Recycling and recovery
Recycling and recovery are two closely related ways of dealing with packaging waste. Broadly speaking, recycling means reprocessing back to the same or another material (e.g. paper into paper; paper into compost). Recovery is recycling plus energy recovery, for example using waste as fuel in cement kilns.
As regards recycling, the revised legislation calls for a substantial increase in the overall target compared to the 1994 directive, raising the minimum target for each Member State to achieve by 31 December 2008 from 25% to 55% of its total packaging waste. And it sets minimum targets, with the same deadline, for recycling of specific materials found in such waste, i.e. 60% by weight for glass, 60% for paper and board, 50% for metals, 22.5% for plastics and 15% for wood. In addition, the Member States must take steps to encourage the manufacture of packaging and other products using materials extracted from packaging waste.
As regards recovery, the new directive leaves unchanged the minimum target laid down in the 1994 directive. This means that by 31 December 2008, each Member State will be required to recover at least 60% by weight of its packaging waste.

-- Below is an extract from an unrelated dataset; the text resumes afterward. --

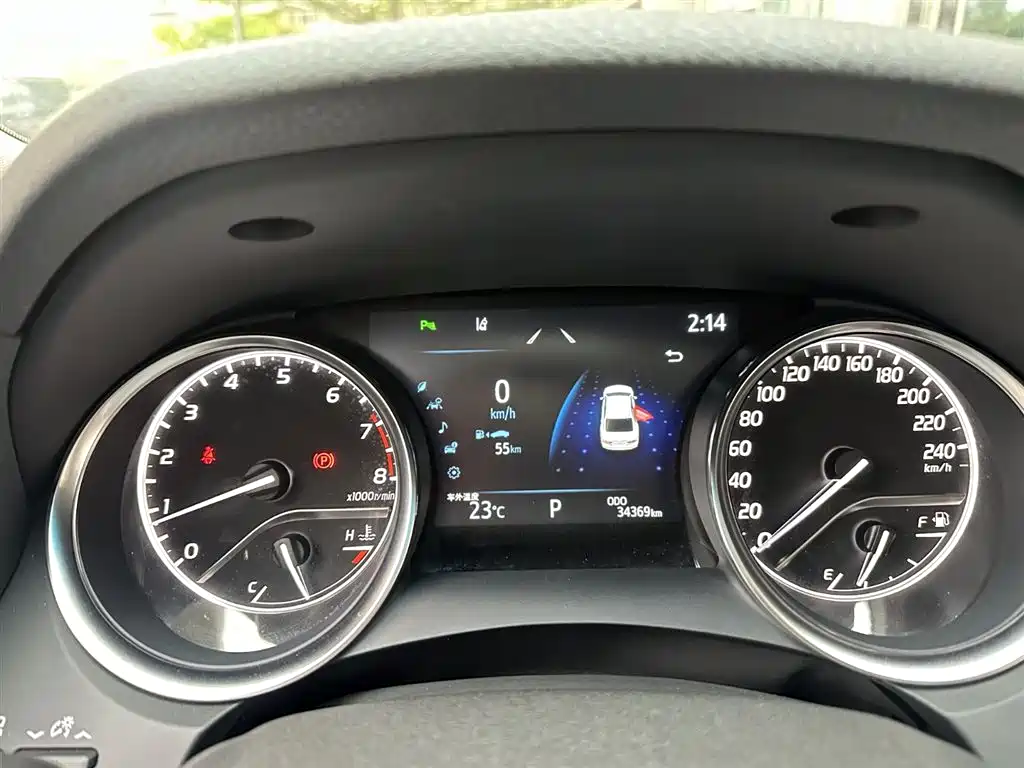 Camry 2021 2.0G Deluxe Edition купить на сайте DeffCars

However, the new law clarifies the definition of 'recovery'. It now includes burning packaging waste at incineration plants with energy recovery facilities that extract and use the energy which is a by-product of incineration. The EU Court of Justice had previously ruled that burning of waste could not be counted towards the Packaging Waste Directive's recovery targets but must be regarded purely as waste disposal, even if energy was generated as a result.

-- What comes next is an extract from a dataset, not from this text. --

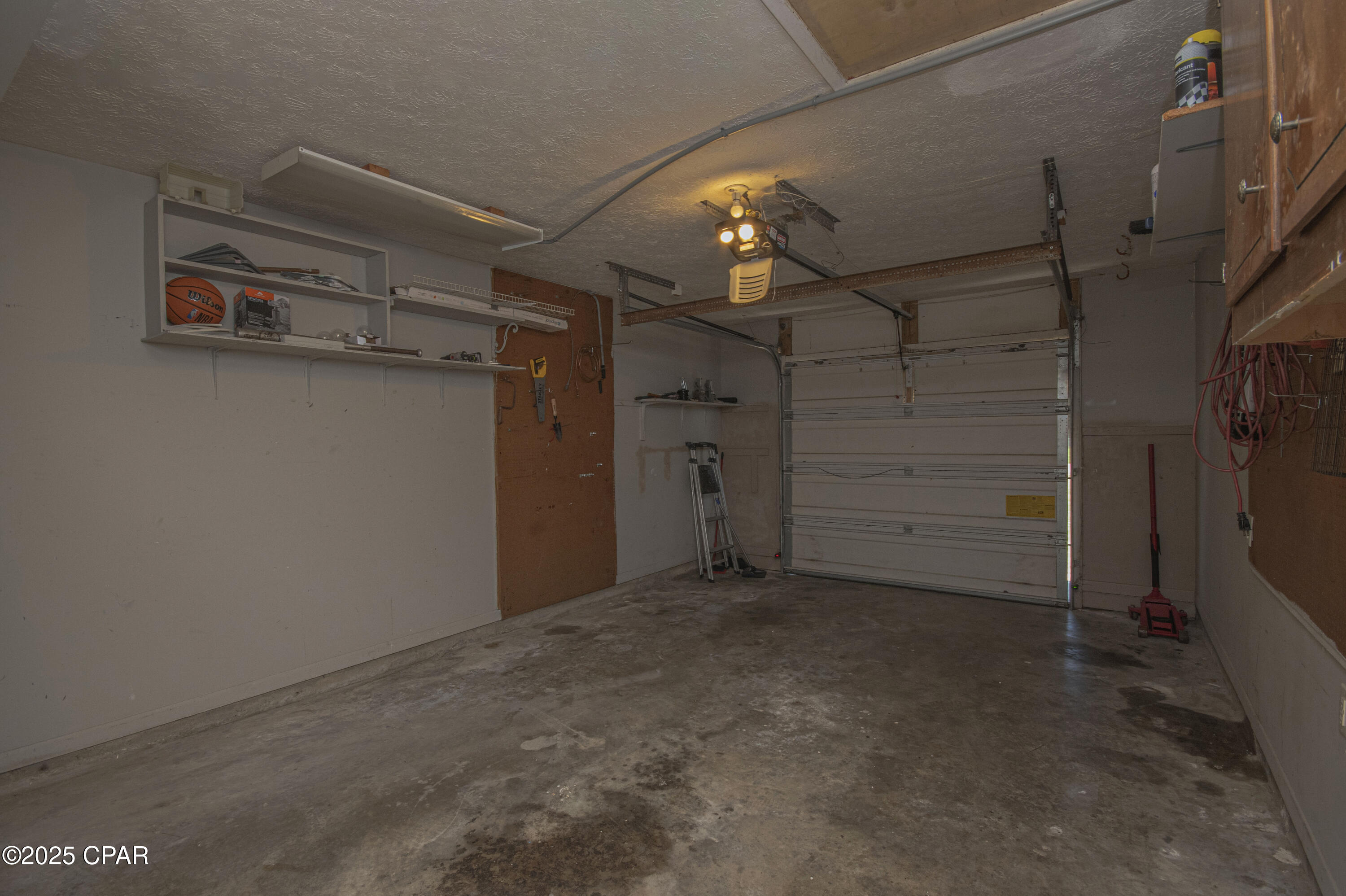 Image 63 For 1118 Comet Avenue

To ensure that Member States do not get round the rules by exporting their waste to non-EU countries with lower environmental standards, Parliament inserted a clause into the legislation stipulating that packaging waste exported from the EU can only count towards targets if the exporter can prove that the recovery or recycling operation used meets conditions broadly equivalent to those prescribed by EU law.
Prevention - or the 'greening' of packaging producers
Another of Parliament's achievements was to ensure that the revision of the Packaging Directive also maintained the focus on prevention which was one of the major planks of the 1994 legislation - rather than just setting new recycling targets as the Commission had originally envisaged. As a result of prompting from Parliament, producers will have to take greater responsibility for minimising the environmental impact of their packaging.

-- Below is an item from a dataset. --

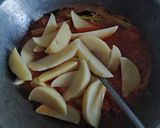 Foto langkah ke 4 dari resep Semur Kentang Tahu Udang.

MEPs also insisted that the Commission should report by June 2005 on the impact of the directive. The report must look at ways of making packaging waste prevention simpler and more effective and also compare the costs and benefits of re-use versus recycling.
But what counts as packaging?
There have been differing interpretations of the 1994 directive in the various Member States, especially over definitions of packaging. The revised legislation therefore makes a clearer distinction between 'packaging' and 'non-packaging', and lists examples. Sweet boxes and film overwrap around a CD case are regarded as packaging, whereas toolboxes, teabags, wax layers around cheese, sausage skins and flower pots 'intended to stay with the plant throughout its life' are not. MEPs secured a commitment that the list of examples would be reviewed by the Commission, with priority being given to the classification of items such as CD and video cases, flower pots, toilet rolls, sticky labels and wrapping paper. This would give greater clarity in future to the industries concerned.
The new legislation allows a degree of flexibility over recovery and recycling target dates, as some Member States would have difficulty in meeting the targets in the short term. Greece, with its many islands, Ireland, with its rural and mountain areas, and Portugal, where packaging consumption is very low, have all been granted an extension of the 2008 deadlines for recovery and recycling until the end of 2011.
Lastly, it was agreed as a result of pressure from Parliament that the new Member States should be granted extensions to the target dates on the basis of requests they have already lodged: 2012 for Cyprus, the Czech Republic, Estonia, Hungary, Lithuania, Slovakia and Slovenia; 2013 for Malta; 2014 for Poland and 2015 for Latvia.